1- Kalbi mâsivâdan yani Allah’ın gayri şeylerin sevgisinden temizlemek

2- Nefse muhalefet etmek, nefsin istek ve arzularına karşı çıkmak

3- Hevâi istek ve arzulara karşı çıkmak

4- Şeytana karşı çıkmak, şeytanın vesveselerine aldanmamak

5- Allah’ü Teâlâ’dan gayri şeylere dayanıp güvenmekten kalbi temizlemek

6- Onun nazarında insanlar tarafından övülmek de, kötülenmek de, bahşedilmek de, mani olunmak da,...aynı değerde olmak.

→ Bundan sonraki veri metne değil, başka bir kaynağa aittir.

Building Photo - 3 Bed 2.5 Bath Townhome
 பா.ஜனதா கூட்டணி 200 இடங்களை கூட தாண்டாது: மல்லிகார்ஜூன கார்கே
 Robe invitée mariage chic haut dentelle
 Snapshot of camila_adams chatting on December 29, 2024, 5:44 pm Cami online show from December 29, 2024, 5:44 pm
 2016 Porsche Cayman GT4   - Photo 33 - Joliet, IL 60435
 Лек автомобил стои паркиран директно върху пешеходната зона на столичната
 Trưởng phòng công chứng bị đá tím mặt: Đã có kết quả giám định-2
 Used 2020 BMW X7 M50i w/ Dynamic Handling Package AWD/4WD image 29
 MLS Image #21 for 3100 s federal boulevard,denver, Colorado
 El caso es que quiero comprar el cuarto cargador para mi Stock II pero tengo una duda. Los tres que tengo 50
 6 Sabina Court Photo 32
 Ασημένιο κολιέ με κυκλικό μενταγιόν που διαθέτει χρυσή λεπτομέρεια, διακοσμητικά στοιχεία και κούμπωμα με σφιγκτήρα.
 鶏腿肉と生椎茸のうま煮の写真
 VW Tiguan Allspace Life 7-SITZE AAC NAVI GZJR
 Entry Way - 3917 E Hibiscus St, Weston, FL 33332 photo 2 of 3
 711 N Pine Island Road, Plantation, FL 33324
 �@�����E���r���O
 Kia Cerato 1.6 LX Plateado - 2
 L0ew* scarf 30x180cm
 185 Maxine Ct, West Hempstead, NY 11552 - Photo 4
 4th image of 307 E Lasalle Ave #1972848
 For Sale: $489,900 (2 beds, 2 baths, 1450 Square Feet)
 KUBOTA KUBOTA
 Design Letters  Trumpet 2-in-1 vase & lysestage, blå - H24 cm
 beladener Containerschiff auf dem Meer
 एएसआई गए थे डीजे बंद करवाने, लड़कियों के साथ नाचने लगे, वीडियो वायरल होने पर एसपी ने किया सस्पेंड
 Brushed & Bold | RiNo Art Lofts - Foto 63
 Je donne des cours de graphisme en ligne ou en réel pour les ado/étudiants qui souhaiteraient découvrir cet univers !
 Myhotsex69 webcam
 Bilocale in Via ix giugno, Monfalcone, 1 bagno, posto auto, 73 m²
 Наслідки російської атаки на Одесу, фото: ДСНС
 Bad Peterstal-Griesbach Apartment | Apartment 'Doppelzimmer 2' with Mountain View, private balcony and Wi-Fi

Bu işin başı Lâ ilâhe illallah ile, yani Allah’tan başka ilah bulunmadığına şehadet etmekle başlar. Sonu da, Allah’ın rızasının dışında her şeyin onun nazarında aynı değeri taşıdığı inancına ermekle biter...

 

Muhib: Seven

Mahbûb: Sevilen

 

Kaynak: Fethu’r-Rabbânî, syf. 391,392 / Abdülkadir Geylani Kuddise Sirrûh

Yorumlar

Bu blogdaki popüler yayınlar

Esmaül Hüsna (Arapça- Türkçe) دُعٰٓاءُ اَسْمٰٓاءُ الْحُسْنٰى

Şifa Salavâtı (Salavâtı Tıbbil Kulubi/Salâvatı Tıbbiye)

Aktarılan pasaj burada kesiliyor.